Thursday, November 3, 2016

A reader responds to the wood vs. coal debate

In our October newsletter, we reprinted a column by Cory Hatch from the Jackson Hole News & Guide.  We found it to be a thoughtful piece by a person grappling with energy choices and trying to fairly weigh their costs and benefits.  We got a lot of positive feedback about the article but one reader, a former professor of thermodynamics thought it was important enough to clarify something the author said.

The column made many good points, and concluded:

"After you factor in the energy and associated emissions it takes to extract, refine and transport fossil fuels, wood starts to look pretty good again. If you harvest trees close to home, firewood is fairly efficient and renewable, even if storing that carbon again takes some time. Unfortunately, woodstoves have local impacts, too. Chimney smoke contains particulates, nitrogen oxides and other gasses that can degrade air quality and cause health problems, especially for people with respiratory or cardiovascular disease."

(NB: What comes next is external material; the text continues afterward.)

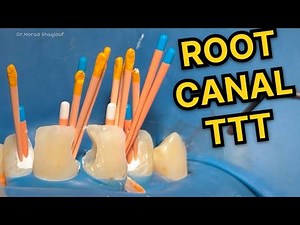 Anterior Teeth Root Canal Treatment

The author also noted: "according to the Sierra Club, burning coal for electricity is only about 35 percent efficient, whereas a modern wood stove is about 75 percent."

Professor Gael Ulrich took issue with that:

" It is true that wood is superior in that it is renewable and not a fossil fuel, and it does not contain sulfur or other elements that can be problems in coal stack emissions.  But his statement, attributed to the Sierra Club, implying that wood combustion is twice as efficient as coal combustion is incorrect.  The distinction is subtle and not appreciated by someone without a background in thermodynamics, but I will try to make the reason clear.  

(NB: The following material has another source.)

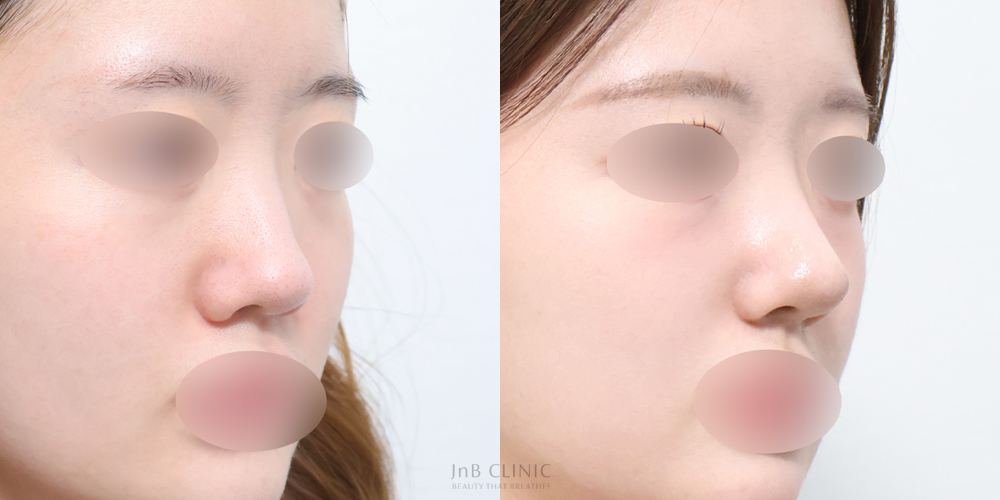 JNB Clinic: Oblique view, before and after. Original eye masking retained.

Converting fuel energy to heat and then to electricity can never be done with 100% efficiency.  Even the most modern efficient power plants seldom succeed 40%.  Historically, that principle was elucidated by Carnot, and the theoretical maximum possible is known as the Carnot efficiency.  In short, electricity or "stored work” is a higher form of energy than heat.  Converting “heat" to “work” always represents an energy loss manifest as “waste heat.” 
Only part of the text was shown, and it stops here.